Pour M. Gignac, la récente hausse des taux hypothécaires est un signe. «Ça veut dire que ça va mal à la shop au niveau de la transmission de la politique monétaire.»

Le responsable est évidemment la crise de liquidités. Les banques, qui font face à des coûts de financement sans cesse croissants, finissent par refiler les coûts à leurs clients via les taux hypothécaires.

«Une banque, ça fait du profit en empruntant à court terme et en prêtant à long terme», résume Martin Lefebvre, économiste principal au Mouvement Desjardins.
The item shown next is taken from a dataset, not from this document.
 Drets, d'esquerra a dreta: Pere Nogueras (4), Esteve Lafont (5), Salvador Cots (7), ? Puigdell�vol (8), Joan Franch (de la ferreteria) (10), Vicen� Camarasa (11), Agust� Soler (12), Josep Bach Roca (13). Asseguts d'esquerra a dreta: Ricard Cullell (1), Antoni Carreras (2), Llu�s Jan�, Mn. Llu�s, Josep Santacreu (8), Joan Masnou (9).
Si emprunter à court terme coûte plus cher mais que la banque prête aux mêmes taux, l'équation ne tient plus... d'où les augmentations de taux.

Dans la boule de cristal

Mais pour ceux qui se magasinent une hypothèque, la question à cent mille dollars est bien simple: les taux vont-ils monter ou descendre?

«Difficile à dire, répond Yvan Fontaine, premier vice-président et cochef de l'investissement chez Addenda Capital. On est dans le pire de la crise du crédit, et les lendemains sont difficiles à prévoir.»

Les taux hypothécaires devraient continuer d'être tiraillés entre deux forces contraires au cours des prochains mois: la politique d'assouplissement monétaire qui devrait normalement les faire descendre, et la crise de liquidité qui prend les institutions financières à la gorge et les pousse à hausser les taux.

Qui gagnera la lutte? Dans sa boule de cristal, Mathieu d'Anjou, économiste senior au Mouvement Desjardins, voit une baisse graduelle des taux jusqu'au milieu de l'année 2009, suivi d'une remontée par la suite.

M. Fontaine, d'Addenda Capital, tient à peu près le même discours. À son avis, quelqu'un qui peut se permettre de continuer ses paiements hypothécaires même si les taux grimpent peut prendre le risque de parier sur une baisse des taux et renouveler son hypothèque à court terme... et assumer la facture si jamais la crise du crédit vient jouer les troubles fêtes.